→ **Source material**:
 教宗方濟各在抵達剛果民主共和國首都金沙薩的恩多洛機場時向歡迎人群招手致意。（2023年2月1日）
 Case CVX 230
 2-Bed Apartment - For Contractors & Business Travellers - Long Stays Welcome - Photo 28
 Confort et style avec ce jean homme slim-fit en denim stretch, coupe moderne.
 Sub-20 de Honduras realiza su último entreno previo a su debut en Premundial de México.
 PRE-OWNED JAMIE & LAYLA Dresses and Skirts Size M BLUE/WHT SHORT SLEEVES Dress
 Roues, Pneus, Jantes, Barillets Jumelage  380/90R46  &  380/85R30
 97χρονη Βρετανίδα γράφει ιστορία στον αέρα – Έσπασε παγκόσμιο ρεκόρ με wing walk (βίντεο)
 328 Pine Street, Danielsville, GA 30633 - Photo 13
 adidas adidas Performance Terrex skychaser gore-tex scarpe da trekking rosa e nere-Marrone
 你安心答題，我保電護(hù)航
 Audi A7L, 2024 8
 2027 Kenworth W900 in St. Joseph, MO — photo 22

→ **Task statement**: Return the line that contains "2-Bed Apartment - For", along with every line after it in the data above, exactly and with nothing else.

→ **Answer to this problem**:
 2-Bed Apartment - For Contractors & Business Travellers - Long Stays Welcome - Photo 28
 Confort et style avec ce jean homme slim-fit en denim stretch, coupe moderne.
 Sub-20 de Honduras realiza su último entreno previo a su debut en Premundial de México.
 PRE-OWNED JAMIE & LAYLA Dresses and Skirts Size M BLUE/WHT SHORT SLEEVES Dress
 Roues, Pneus, Jantes, Barillets Jumelage  380/90R46  &  380/85R30
 97χρονη Βρετανίδα γράφει ιστορία στον αέρα – Έσπασε παγκόσμιο ρεκόρ με wing walk (βίντεο)
 328 Pine Street, Danielsville, GA 30633 - Photo 13
 adidas adidas Performance Terrex skychaser gore-tex scarpe da trekking rosa e nere-Marrone
 你安心答題，我保電護(hù)航
 Audi A7L, 2024 8
 2027 Kenworth W900 in St. Joseph, MO — photo 22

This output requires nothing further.